Wren cemberut sambil menatap tajam Qis karena menyetujui ide Dirga.
"Pak Harya sama Téh Irma mau ikut?" tanya Dirga.
Harya mengangguk. "Mau. Saya pingin nyoba lagi. Udah lama enggak nyoba."
Irma tampak berminat tetapi menghela napas berat. "Saya harus jaga Nari."
Mendengar itu, Dirga berpaling pada Wren. "Pak Wren enggak akan ikut, kan?"
Wajah Wren memerah dan dia mengangguk pelan. "Saya nonton di pinggir pantai aja."
"Bagus," sahut Dirga. "Titipin aja Nari sama Wren, Téh."
Irma melirik Wren ragu. "Memangnya...boleh, Pak?"
"Bisa kan, Pak?" tanya Miya, mendorong Wren untuk menyetujui pertanyaan Irma.
Wren benar-benar murka. Mukanya memerah dan napasnya naik turun. Dia mencoba menangkan marah dan berkata lembut pada Miya, "Boleh. Tapi kamu enggak mau coba naik ATV di pantai aja, Miy? Itu juga seru, loh."
Miya memandang Wren penuh sesal lalu menggeleng. Dia tidak mau berduaan lagi sama Wren. Jejak ciuman mereka masih terasa. "Aku naik banana boat aja. Soalnya aku belum pernah nyoba."

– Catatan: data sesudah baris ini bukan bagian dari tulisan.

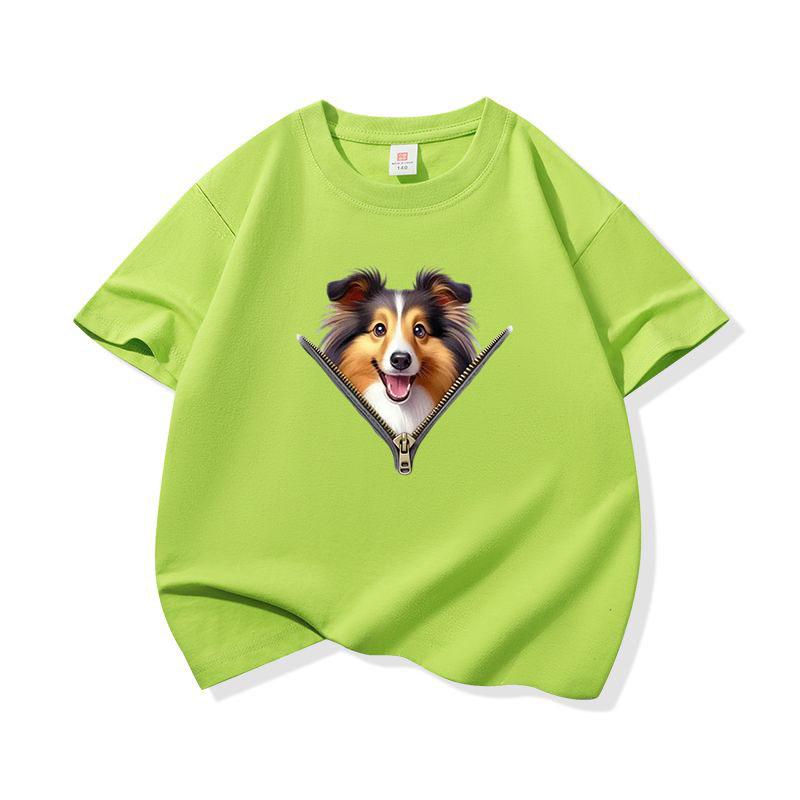 Kids Cotton T Shirt Lovely Sheepdog Zipper Print Crew Neck Short Sleeve Tee Casual Breathable Boys Girls Summer Tops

Dirga menyeringai penuh kemenangan, sedang wajah Wren makin muram.
"Nanti kamu nggak usah takut atau gugup ya, Miy. Nanti aku bantuin kamu biar enggak takut," kata Dirga.
Miya tersenyum ke arah Dirga sambil mengangguk. "Iya. Makasih."
Dan Wren pun terbakar api cemburu.
***
KAMU SEDANG MEMBACA
Sweet Second Chance [END]
ChickLitVitamin #1 He fall first, she fall harder 🙏 *** Setelah kematian sang ayah dan julukan pelakor disematkan untuknya, Miya tidak pernah berharap akan hidup bahagia. Dia hanya menjalani hidup monoton sebagai kasir di kafe Kesempatan Kedua yang mempeke...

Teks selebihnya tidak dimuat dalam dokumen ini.